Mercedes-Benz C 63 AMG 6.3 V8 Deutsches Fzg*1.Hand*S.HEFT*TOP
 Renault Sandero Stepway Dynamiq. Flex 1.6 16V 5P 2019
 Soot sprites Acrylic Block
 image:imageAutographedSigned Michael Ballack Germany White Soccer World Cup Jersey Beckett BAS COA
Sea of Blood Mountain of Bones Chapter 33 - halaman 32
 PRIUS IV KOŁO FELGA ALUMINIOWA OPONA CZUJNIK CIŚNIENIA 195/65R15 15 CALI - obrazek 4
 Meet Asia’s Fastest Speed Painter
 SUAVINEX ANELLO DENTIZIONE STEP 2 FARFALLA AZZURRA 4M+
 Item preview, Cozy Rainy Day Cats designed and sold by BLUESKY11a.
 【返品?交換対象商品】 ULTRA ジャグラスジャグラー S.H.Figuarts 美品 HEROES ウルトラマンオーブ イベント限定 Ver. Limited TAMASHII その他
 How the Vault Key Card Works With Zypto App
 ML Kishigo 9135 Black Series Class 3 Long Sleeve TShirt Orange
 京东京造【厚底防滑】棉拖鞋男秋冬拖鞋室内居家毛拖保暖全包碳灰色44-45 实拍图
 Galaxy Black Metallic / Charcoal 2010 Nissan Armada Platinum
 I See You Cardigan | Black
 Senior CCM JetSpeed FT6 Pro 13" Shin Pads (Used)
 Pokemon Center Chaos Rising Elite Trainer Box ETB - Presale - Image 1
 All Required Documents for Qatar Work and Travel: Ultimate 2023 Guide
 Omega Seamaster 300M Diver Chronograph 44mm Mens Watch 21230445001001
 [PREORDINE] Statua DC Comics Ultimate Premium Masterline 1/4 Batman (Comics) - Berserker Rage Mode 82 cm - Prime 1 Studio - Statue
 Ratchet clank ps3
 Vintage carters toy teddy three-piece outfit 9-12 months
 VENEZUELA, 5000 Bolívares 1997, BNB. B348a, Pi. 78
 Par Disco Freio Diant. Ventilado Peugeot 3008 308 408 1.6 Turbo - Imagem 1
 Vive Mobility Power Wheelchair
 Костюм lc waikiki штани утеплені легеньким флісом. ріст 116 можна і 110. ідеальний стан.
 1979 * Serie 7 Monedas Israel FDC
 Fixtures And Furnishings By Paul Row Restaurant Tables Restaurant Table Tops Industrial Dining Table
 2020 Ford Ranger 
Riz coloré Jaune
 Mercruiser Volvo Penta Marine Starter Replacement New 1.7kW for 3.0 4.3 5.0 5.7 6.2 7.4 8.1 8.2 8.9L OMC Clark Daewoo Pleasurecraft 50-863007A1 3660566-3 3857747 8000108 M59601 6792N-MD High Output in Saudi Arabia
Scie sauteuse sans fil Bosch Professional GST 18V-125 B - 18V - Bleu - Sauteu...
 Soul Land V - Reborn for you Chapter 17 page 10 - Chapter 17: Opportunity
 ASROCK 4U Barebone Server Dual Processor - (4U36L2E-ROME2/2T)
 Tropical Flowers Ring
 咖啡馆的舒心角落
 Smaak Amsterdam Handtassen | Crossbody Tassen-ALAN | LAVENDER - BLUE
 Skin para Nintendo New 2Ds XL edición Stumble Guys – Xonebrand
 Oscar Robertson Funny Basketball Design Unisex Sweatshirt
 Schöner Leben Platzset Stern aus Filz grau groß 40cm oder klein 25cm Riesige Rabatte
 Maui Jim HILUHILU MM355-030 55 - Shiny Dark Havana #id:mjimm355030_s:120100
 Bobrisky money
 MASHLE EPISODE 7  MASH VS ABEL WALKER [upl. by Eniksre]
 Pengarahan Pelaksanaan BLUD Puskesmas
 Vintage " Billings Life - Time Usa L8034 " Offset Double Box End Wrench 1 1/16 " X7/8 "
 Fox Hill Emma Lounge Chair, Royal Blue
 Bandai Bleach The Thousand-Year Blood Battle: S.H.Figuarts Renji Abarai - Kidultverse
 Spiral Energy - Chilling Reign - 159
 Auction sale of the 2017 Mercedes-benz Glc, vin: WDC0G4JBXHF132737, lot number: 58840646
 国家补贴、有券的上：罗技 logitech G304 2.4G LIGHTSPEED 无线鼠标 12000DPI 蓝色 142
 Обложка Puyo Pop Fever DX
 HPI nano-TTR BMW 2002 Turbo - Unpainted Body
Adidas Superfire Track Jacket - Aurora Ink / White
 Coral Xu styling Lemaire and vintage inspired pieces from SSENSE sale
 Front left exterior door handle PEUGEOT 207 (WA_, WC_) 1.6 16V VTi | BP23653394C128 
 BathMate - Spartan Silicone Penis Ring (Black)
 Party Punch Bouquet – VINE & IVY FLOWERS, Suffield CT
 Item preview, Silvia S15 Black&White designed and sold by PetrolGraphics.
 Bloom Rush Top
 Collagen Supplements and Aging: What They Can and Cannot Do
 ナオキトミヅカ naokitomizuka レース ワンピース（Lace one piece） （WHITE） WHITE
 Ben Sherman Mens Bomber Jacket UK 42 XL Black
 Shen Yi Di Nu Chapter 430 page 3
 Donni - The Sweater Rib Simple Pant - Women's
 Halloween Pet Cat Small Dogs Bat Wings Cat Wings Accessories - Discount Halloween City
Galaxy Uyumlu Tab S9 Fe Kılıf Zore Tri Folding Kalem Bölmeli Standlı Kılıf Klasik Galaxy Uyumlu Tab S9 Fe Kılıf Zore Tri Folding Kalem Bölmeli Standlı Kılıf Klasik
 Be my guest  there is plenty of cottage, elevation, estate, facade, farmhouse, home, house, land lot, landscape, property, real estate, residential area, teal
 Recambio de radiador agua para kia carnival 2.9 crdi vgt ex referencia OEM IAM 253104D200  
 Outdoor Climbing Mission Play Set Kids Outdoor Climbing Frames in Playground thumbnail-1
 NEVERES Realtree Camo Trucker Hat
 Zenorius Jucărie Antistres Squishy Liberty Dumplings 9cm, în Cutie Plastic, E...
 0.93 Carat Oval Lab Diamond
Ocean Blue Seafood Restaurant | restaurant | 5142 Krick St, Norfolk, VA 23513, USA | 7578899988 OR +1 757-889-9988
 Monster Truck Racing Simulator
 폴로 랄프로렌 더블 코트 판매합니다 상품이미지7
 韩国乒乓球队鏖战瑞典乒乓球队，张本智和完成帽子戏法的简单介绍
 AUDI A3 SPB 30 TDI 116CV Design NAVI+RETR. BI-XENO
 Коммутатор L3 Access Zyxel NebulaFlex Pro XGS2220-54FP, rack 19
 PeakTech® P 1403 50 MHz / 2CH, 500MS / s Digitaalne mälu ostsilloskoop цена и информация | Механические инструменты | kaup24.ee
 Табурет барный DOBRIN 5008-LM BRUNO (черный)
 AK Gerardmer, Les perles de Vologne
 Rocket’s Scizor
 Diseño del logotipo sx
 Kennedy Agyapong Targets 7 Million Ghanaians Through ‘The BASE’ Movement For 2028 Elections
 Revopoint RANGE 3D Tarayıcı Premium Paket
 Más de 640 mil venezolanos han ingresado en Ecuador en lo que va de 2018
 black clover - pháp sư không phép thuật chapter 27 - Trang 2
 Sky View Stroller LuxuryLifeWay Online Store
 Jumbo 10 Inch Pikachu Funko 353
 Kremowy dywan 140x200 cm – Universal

HOW TO COMPLETE THIS TASK
One inclusive range is required: first line of the data through the line containing "PRIUS IV KOŁO". Set it down exactly and output nothing else.

WRITTEN RESPONSE
Mercedes-Benz C 63 AMG 6.3 V8 Deutsches Fzg*1.Hand*S.HEFT*TOP
 Renault Sandero Stepway Dynamiq. Flex 1.6 16V 5P 2019
 Soot sprites Acrylic Block
 image:imageAutographedSigned Michael Ballack Germany White Soccer World Cup Jersey Beckett BAS COA
Sea of Blood Mountain of Bones Chapter 33 - halaman 32
 PRIUS IV KOŁO FELGA ALUMINIOWA OPONA CZUJNIK CIŚNIENIA 195/65R15 15 CALI - obrazek 4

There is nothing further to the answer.